* _Exercise goal_:
What you produce should be an exact transcription of the data, minus any pictures.

*** Opening of Source records ***

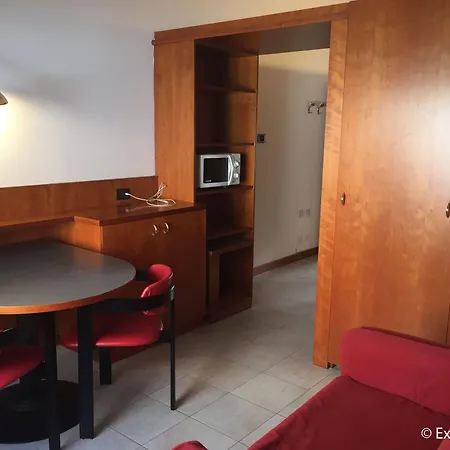 Appart hôtel Donatello Milan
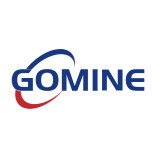 Gomine Recycling Machine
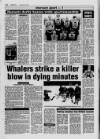 Royston and Buntingford Mercury Friday 08 February 1991 Page 82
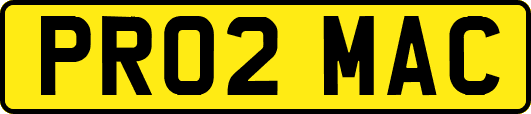 PR02MAC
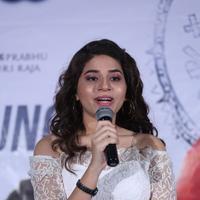 Tejaswinii - Lachhi Movie Teaser Launch Stills | Picture 1414600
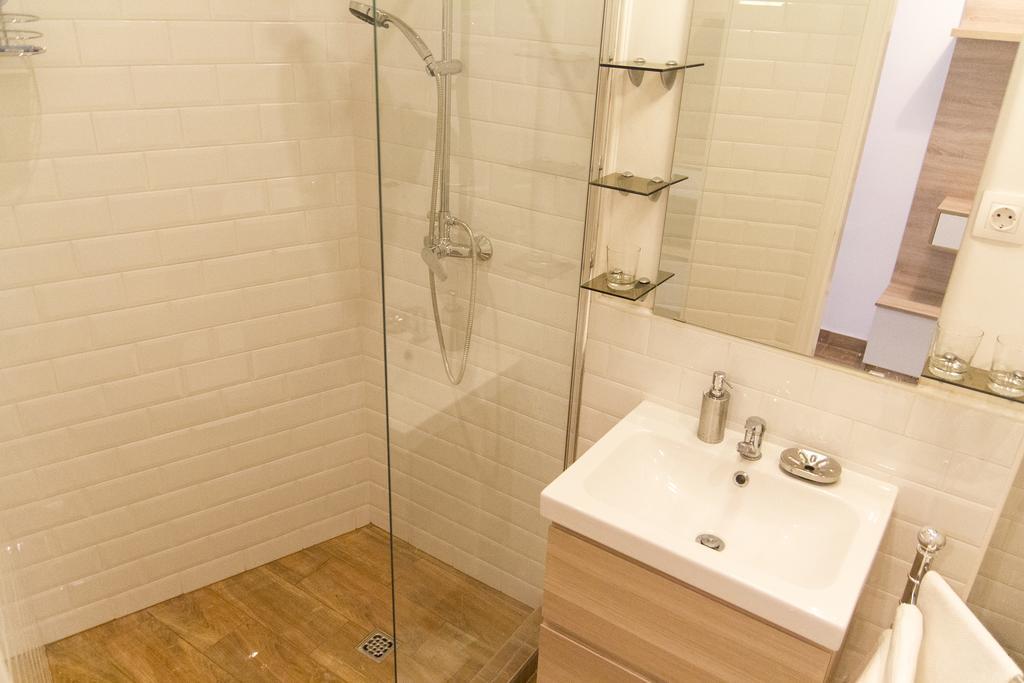 Luxury 2Br Apt By The Synagogue Budapest Extérieur photo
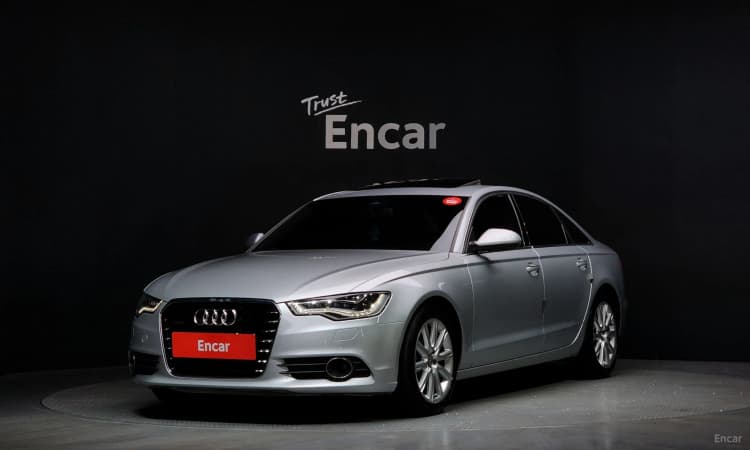 New A6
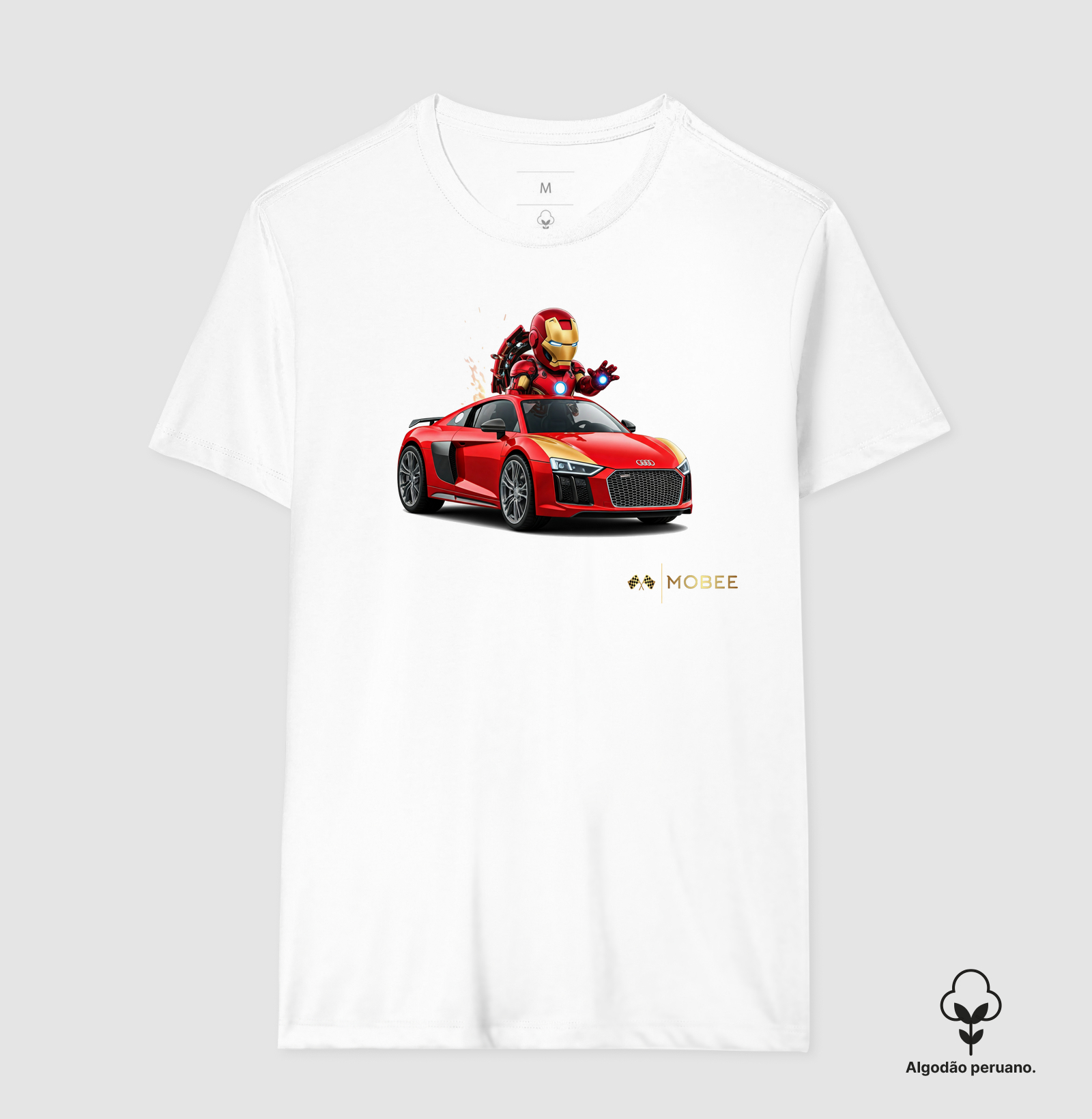 Camisa 2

*** Close of Source records ***

* _Result of this exercise_:
 Appart hôtel Donatello Milan
 Gomine Recycling Machine
 Royston and Buntingford Mercury Friday 08 February 1991 Page 82
 PR02MAC
 Tejaswinii - Lachhi Movie Teaser Launch Stills | Picture 1414600
 Luxury 2Br Apt By The Synagogue Budapest Extérieur photo
 New A6
 Camisa 2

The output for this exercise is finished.